- Cover to Destroyer Duck #5 by Jack Kirby and Alfred Alcala.

Publication information
- Publisher: Eclipse Comics Image Comics
- Genre: Action Satire
- Publication date: 1982

Creative team
- Created by: Steve Gerber Jack Kirby
- Written by: Steve Gerber (issues #1-5) Buzz Dixon (issues #6-7)
- Penciller(s): Jack Kirby (issues #1-5) Gary Kato (issues #6-7)
- Inker(s): Alfred Alcala (issues #1-7) Steve Leialoha (issue #1)
- Letterer(s): Tom Orzechowski (issues #1-2) Adam Kubert (issue #3) Ken Bruzenak (issue #4) Peter Iro (issue #5) Gary Kato (issues #6-7)

= Destroyer Duck =

1982 anthology comic book

Destroyer Duck was an anthology comic book published by Eclipse Comics in 1982, as well as the title of its primary story, written by Steve Gerber and featuring artwork by Jack Kirby and Alfredo Alcala.

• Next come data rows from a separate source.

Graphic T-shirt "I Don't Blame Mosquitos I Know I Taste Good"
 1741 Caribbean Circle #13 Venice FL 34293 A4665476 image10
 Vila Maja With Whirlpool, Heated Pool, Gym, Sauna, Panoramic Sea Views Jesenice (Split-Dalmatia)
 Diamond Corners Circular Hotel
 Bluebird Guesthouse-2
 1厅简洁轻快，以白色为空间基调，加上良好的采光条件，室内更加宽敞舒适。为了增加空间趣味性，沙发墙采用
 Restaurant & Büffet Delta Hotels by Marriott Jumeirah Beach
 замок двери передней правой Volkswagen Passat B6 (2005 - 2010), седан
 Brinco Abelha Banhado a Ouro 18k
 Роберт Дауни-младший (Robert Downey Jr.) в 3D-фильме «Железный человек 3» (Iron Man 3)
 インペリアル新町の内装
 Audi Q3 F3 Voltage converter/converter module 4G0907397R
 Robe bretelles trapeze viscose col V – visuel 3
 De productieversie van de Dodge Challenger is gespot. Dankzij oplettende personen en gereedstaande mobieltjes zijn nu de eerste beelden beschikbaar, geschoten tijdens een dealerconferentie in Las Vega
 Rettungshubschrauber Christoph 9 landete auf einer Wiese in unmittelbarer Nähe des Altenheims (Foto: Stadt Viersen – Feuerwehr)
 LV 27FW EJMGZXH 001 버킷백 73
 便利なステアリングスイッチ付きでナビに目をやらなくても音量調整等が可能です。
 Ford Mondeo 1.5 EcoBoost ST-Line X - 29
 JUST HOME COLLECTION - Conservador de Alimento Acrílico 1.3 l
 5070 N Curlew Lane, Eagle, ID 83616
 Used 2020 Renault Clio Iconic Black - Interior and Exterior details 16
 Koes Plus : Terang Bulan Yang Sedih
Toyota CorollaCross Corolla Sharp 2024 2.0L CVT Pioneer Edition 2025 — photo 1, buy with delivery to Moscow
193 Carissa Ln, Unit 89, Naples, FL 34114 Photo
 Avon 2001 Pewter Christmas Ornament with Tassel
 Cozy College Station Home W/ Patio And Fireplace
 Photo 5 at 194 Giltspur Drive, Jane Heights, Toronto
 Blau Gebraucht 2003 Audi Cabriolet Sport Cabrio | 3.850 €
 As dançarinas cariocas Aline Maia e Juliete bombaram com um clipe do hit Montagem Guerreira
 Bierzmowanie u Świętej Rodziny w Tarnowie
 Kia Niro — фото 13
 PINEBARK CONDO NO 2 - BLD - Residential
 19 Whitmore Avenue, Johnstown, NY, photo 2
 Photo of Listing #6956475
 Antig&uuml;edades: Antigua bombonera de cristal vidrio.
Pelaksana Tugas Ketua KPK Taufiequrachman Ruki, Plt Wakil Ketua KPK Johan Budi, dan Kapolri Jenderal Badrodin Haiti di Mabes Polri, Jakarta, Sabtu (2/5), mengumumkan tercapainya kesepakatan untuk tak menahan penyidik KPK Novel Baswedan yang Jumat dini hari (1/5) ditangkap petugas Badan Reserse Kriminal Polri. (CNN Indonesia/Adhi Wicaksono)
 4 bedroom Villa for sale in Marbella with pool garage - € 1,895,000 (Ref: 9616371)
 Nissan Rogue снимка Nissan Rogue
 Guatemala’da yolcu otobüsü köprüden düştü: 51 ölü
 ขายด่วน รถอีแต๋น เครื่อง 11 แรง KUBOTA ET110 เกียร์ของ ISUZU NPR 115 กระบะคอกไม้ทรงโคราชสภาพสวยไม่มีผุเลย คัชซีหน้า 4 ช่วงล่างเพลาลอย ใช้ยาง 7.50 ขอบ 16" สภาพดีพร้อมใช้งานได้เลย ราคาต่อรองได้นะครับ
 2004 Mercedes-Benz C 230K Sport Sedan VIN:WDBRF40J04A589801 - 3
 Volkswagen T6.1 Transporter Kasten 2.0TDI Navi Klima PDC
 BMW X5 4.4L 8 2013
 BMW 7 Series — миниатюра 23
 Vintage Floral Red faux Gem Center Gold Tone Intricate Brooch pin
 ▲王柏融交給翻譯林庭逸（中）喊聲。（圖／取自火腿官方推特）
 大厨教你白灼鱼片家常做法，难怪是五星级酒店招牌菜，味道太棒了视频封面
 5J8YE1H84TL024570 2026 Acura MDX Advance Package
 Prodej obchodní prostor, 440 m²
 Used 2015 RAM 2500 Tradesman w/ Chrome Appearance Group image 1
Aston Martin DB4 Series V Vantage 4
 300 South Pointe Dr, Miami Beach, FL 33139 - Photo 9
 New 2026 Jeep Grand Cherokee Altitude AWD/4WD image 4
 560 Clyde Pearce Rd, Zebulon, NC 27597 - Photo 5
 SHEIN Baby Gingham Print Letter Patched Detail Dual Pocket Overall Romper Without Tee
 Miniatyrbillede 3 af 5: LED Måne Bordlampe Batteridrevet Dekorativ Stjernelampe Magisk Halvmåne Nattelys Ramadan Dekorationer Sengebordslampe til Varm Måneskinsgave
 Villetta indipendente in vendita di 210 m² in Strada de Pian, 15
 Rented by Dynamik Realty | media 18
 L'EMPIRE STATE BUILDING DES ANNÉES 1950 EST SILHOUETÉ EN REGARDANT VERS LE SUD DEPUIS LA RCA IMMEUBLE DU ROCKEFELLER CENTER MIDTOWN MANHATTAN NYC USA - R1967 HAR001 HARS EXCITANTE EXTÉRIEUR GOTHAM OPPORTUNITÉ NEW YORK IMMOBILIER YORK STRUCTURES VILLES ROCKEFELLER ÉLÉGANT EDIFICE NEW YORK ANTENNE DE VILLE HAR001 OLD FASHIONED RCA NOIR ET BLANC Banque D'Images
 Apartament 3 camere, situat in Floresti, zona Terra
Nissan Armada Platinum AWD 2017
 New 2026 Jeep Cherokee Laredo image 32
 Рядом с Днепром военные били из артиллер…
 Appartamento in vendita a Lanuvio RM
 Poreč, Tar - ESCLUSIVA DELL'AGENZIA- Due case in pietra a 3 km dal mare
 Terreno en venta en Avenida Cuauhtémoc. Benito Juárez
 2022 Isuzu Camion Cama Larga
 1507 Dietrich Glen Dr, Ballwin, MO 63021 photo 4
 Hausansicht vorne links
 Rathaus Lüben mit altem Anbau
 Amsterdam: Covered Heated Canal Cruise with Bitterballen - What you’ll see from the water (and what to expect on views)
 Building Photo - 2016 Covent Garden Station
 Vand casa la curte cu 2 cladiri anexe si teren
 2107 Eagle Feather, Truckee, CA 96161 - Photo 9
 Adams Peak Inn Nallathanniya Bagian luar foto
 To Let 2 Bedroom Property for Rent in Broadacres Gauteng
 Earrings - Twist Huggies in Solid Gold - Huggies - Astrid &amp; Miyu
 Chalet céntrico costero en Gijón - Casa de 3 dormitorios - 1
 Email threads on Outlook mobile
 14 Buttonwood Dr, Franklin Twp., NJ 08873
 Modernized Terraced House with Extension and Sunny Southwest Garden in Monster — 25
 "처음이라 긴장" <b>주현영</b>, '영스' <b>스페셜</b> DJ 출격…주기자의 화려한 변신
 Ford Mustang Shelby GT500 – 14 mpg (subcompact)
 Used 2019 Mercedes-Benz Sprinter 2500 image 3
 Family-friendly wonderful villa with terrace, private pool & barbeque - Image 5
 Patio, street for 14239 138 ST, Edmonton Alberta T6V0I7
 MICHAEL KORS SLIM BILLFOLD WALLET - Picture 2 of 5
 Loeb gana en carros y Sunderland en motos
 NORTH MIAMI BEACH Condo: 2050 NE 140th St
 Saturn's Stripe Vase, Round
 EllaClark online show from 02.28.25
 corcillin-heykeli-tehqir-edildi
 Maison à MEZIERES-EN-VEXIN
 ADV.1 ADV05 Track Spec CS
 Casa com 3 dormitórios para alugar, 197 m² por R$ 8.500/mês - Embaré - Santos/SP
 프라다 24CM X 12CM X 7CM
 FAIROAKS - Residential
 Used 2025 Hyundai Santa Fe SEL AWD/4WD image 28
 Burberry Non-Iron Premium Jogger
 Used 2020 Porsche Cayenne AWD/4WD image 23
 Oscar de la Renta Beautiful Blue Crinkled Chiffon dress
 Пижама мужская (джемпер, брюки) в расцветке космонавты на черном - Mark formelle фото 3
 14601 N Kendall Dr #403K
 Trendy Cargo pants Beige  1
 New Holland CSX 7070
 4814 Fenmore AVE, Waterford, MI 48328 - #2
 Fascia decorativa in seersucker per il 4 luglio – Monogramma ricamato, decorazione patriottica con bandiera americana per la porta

The book was published as a way to help Gerber raise funds for a lawsuit he was embroiled in at the time, in which he was battling industry giant Marvel Comics over the ownership of the character Howard the Duck, which Gerber created for the company in 1973.

==Overview==
The main story of the comic told of Louis "Duke" Duck, a resident of a typical anthropomorphic comic-book world, who witnessed his best friend, identified only as "The Little Guy" or "TLG", vanish into thin air before his eyes. Some years later, TLG reappeared only to die at Duke's feet—but not before telling the tale of how he was exploited and destroyed by a thoughtless conglomeration, "Godcorp." Swearing revenge, Duke vowed to take down Godcorp no matter what the cost.

Subsequent Destroyer Duck tales would reveal that the Little Guy who died at Duke's feet was in fact a clone, and the original was still held captive by Godcorp; eventually, Gerber (by that point on better terms with Marvel, the lawsuit having long since been settled) revealed that The Little Guy's real name was actually "Leonard" - a new duck character who, for all intents and purposes, was identical in every way (except in name and character ownership) to Howard.

The stories introduced sentient scented dolls and Wobblina Strangelegs, who nearly got her own one-shot. After five issues, Gerber gave up writing the title, but remained its editor. Buzz Dixon wrote the last two issues, about a STD-infected parody of Gilligan’s Island. Frank Miller drew the cover of the final issue. The seven issues of the comic were published very sporadically.

Issue #1 of the original Destroyer Duck series, labeled the "Special Lawsuit Benefit Edition", is notable for containing the first appearance of Sergio Aragonés’s Groo the Wanderer and also featuring additional stories by Mark Evanier, Dan Spiegle, Shary Flenniken, Martin Pasko, and Joe Staton.
The rest of the series contained the back-up feature The Starling, written by Superman co-creator Jerry Siegel, with art by Val Mayerik.

In 1994, while Gerber was working at Image for Top Cow Studio on Codename: Strykeforce, Gerber planned for issue #14 to include Destroyer Duck. At the last minute, Marc Silvestri declined, forcing Gerber and his editor, David Wohl, to revise the story. Destroyer Duck does not appear as such in the story, but Gerber introduces Specimen Q, a mysterious character imprisoned in his armor who is Destroyer Duck, as revealed in the Savage Dragon/Destroyer Duck one-shot in 1996.